Baie keer sal dit meebring dat jy maar eerlik en onbevreesd dinge wat verkeerd is, moet uitdaag en kritiseer.
Muhammed Ali was ook in Suid-Afrika 'n legende. Daar was tye dat boks 'n groot sport was, met toegewyde aanhangers.
Ons het selfs in ons klasse in die kweekskool na 'n groot boksgeveg grappies met die professore oor die uitslag gemaak. Die geveg is oor die radio uitgesaai, man en muis het daaroor gepraat en die media het groot daaroor geskryf.
Ali was op almal se lippe.
En toe weier hy om in die oorlog te gaan veg.
Daarvoor het hy 'n groot prys betaal. En ander atlete wat op ander maniere in die openbaar protes aangeteken het teen wat hulle as onreg beskou het, het ook in latere jare verguising en persoonlike lyding ervaar.
Vandag weet almal hoe sinloos die Viëtnam-oorlog was. En al hoe meer mense bou teensin op teen die sinnelose geweld wat hulle oral om hulle merk.
Twee dinge bly ook nog by my: hoeveel sportmense sal vandag hul groot inkomste en hul populariteit wil inboet om hul oortuigings uit te leef? En, as ons van sportlui verwag om nie hul gewetens uit te verkoop nie, wat van ander mense - die besigheidsmense, sportlui, predikante, dosente, dokters, spesialiste, skrynwerkers, verwers, kantoorwerkers en iedereen wat elke dag 'n eerlike bestaan moet voer?
Hoe spiritueel is ons?
Maar, wonder ek, tweedens, as Ali so dapper en toegewyd eenvoudig botweg geweier het om oorlog te gaan maak, hoe rym 'n mens dit met sy gewilligheid om te boks?
Hier is 'n artikel in vanoggend se NYT wat my hieraan laat dink het.
I woke up Thursday morning and heard a familiar voice that I thought was part of a dream: Muhammad Ali was discussing why he had refused to be inducted into the Army.
This was no dream, but the commemoration of an unforgettable moment that was being replayed on the radio. The clip was taken from a June 20, 1967, interview after Ali was convicted of draft evasion. Two months earlier, at an Army induction center in Houston, Ali refused to step forward.
The radio show host, Joe Madison, who played the clip, said he was a high school senior in 1967 and that Ali’s defiant action made a profound impact on his life.

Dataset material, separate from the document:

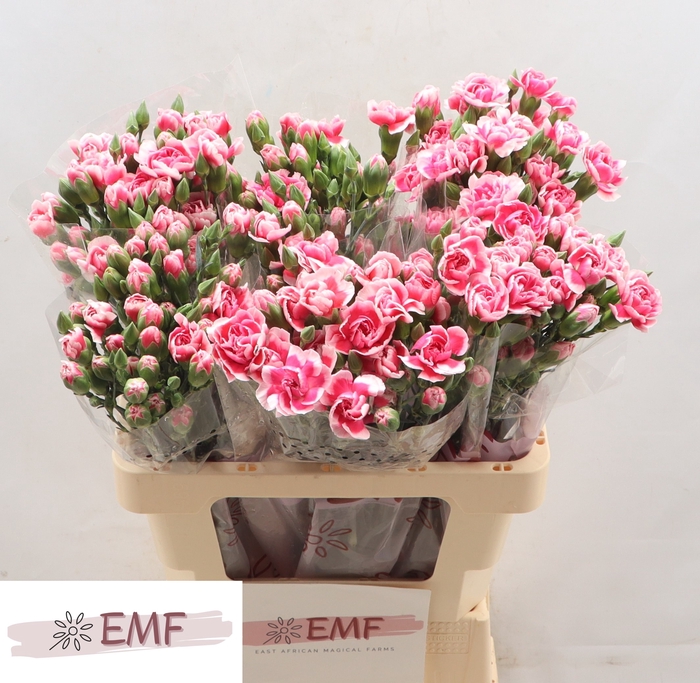 <h4>DI TR COSMOCHERRY</h4>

As a high school junior and varsity athlete in Chicago, I had a similar reaction to Ali’s act of resistance. We were engulfed in the Vietnam War in personal and often tragic ways. Two classmates of mine at Harlan High School — one a great track athlete, the other an outstanding quarterback — each lost their legs in combat.
Ali was one of the most identifiable human beings on the planet. Here was the Greatest, telling the world that he was not going to war. For me, words like conscience, principle and integrity were merely terms in a civics class. When Ali defended his controversial position, how he had no appetite for war, standing for one’s principle became concrete.

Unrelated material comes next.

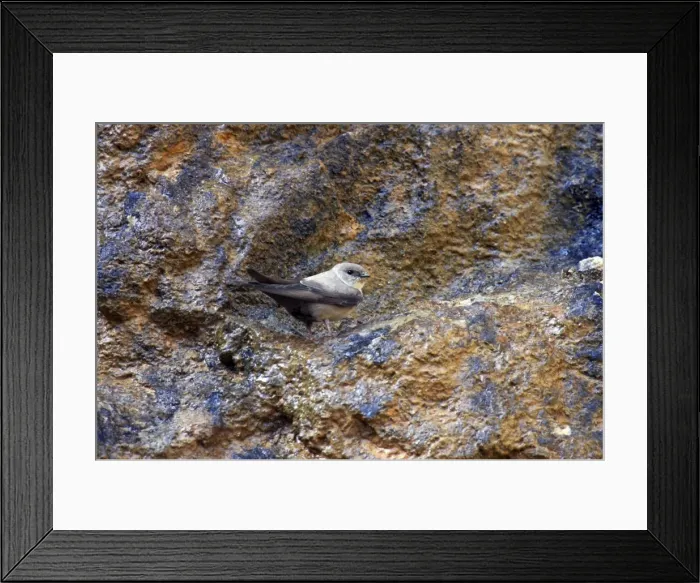 Framed Print : Picture No. 10884026 Framed Print : Picture No. 10884026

“My conscience won’t let me shoot my brother or some darker people,” he told reporters. “And shoot them for what? They never called me nigger.”
That phrase triggered heated debates in our school and in our neighborhood, prompting us to ask each other hard questions.
Why do we continue to use the N-word?
Why should a black man, whose ancestors had been raped and beaten, deprived of human rights in the name of building a democracy, take up arms to fight an immoral war?
Ali’s actions changed my standard of what constituted an athlete’s greatness. Possessing a killer jump shot or the ability to stop on a dime was no longer enough. What were you doing for the liberation of your people? What were you doing to help your country live up to the covenant of its founding principles?
Shortly after Ali’s conviction for draft evasion, Jim Brown, the legendary Browns running back who had recently retired, called on some of the most influential black athletes of that era to meet with Ali in Cleveland. Bill Russell, Willie Davis, Bobby Mitchell and Lew Alcindor (later Kareem Abdul-Jabbar) were among the athletes who met with, and grilled, Ali. Convinced that Ali was sincere, the athletes held a news conference the next day to express their support. Ali’s actions inspired other athletes to step out of their traditional roles and speak out against injustice.
A year later, a pair of United States sprinters, Tommie Smith and John Carlos, staged their iconic demonstration on the victory stand during a medal ceremony in the 1968 Olympic Games in Mexico City.
In 1969, Curt Flood, an All-Star center fielder for the St. Louis Cardinals, took on Major League Baseball’s reserve clause.
For those athletes who took courageous stands, there was a high price to be paid. Ali was banned from boxing for three years. Smith and Carlos were unable to find consistent employment for years. Carlos’s wife committed suicide. Smith’s first marriage ended in divorce. Flood will likely never be voted into the Hall of Fame.
I’m not sure that contemporary athletes are wired for making those kinds of sacrifices. Taking unpopular stands may jeopardize their earning potential or even their employment.
I have stopped using the word hero to describe greatness.
In an era of unimaginable intrusions into our private lives, the would-be hero walks on a rug that can be snatched away at a moment’s notice. Better to talk about someone’s heroic moment or performing a heroic act.
Muhammad Ali is a great man. What he did 46 years was a heroic deed for the ages.
Each generation has its own method of protest and resistance. Listening to Ali on Thursday morning was a reminder that courage, honor and integrity are timeless.